La prima riguarda l’inevitabile figura dell’invasore, in questo caso una babysitter che apparentemente per nessuna motivazione si sbarazza della ragazza incaricata e ne prende il posto portando caos in casa nello stesso modo in cui il villain, mascherato o meno, decide di entrare in scena solo per la soddisfazione di un gioco personale che non è dato sapere.
Perversa, geometrica, dominata da intenzioni complesse e oscure, Emilie distrugge la ruotine quotidiana dei tre fratellini che deve accudire nel giro di pochi istanti e di pochi atteggiamenti: un accenno, un sorriso, un permesso, e la tranquillità si sgretola in favore di interrogativi e imbarazzi che aumentano con una progressione micidiale.


La seconda scossa è quella più legata alla semplice buona scrittura, quella che permette a una storia non fondamentale di ergersi a qualcosa d’altro, o che almeno possiede i semi per farlo.
In questo caso la penna di Michael Thelin (che arriva dai videoclip e dall'universo musicale) modella tre bambini meravigliosi che in tre modi diversi incarnano lo spirito incontenibilmente ludico e sovraeccitato tipico delle loro età, dal mondo rosa della piccola Sally al gioco innocente e pieno di sorrisi di Christopher, passando naturalmente per una certa ostruzione nella pre-adolescenza di Jacob.

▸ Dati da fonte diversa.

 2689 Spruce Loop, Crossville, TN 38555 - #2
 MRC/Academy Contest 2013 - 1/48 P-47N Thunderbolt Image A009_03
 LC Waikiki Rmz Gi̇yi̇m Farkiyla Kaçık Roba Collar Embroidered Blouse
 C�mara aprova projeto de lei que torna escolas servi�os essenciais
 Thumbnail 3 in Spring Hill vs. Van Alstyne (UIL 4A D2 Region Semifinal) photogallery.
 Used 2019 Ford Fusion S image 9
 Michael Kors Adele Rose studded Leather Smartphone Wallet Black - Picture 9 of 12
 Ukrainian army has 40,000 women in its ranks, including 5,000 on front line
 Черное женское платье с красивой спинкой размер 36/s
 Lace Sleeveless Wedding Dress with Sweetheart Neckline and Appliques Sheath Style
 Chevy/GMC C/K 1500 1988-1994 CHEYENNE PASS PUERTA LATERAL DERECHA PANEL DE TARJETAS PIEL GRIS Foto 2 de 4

Sguardi, comportamenti, incomprensioni, intralci, opposizioni: l’ampio spettro comportamentale della tenera età viene filtrato e rimescolato attraverso le regole weird di Emelie, tutto viene disconnesso e riattivato per trovarsi compatto di fronte alla condotta incomprensibile della babysitter, che pare appoggiare atteggiamenti sbagliati, preferire principi bizzarri e consigliare metodi indecifrabili.
Concentrandosi su questi due aspetti, o comunque intagliandoli fino a dare loro forma sinuosa e profonda, Emelie raggiunge un livello notevole e impensato che, per esempio, un film per certi versi simile come Hush non sfiora neanche: se l’ultimo lavoro di Flanagan si limita (volutamente e giustamente, perché no) a una serie di dettagli superficiali per sagomare il suo l’home invasion (stile di sopravvivenza della protagonista, uso e non-uso delle armi), Thelin scava molto più in profondità agendo prima sui personaggi e solo di conseguenza sulle modalità di attacco. Infatti è solo grazie alla varietà emozionale dei tre bambini (più amico d’avventure e con il riflesso della coppia di genitori) se le iniezioni di anormalità della babysitter colpiscono duro rivestendo il malessere generale di panico e angoscia.

Il film gira bene e Thelin lo compatta con una rapidità esemplare che taglia ogni tempo morto in favore di sequenze veloci che, anche nei momenti più spiegati (da un certo punto in poi diventa necessario dare una determinata informazione per andare avanti senza un qualche effetto ping pong), mantengono alta la tensione e soprattutto il disagio fino all’inevitabile battaglia finale di intelligenze e furbizie. 
Qualche colpo basso inaspettato cuce alla narrazione buone batoste finali, si tratta di ottime estensioni del plot che, ancora, non gli permettono di svettare (poche le vere ambizioni, fin troppo statico l’intreccio generale, le motivazioni di Emelie non raggiungono lo shock tentato) ma contribuiscono a un’immersione soffocante e dalla quale è difficile risalire.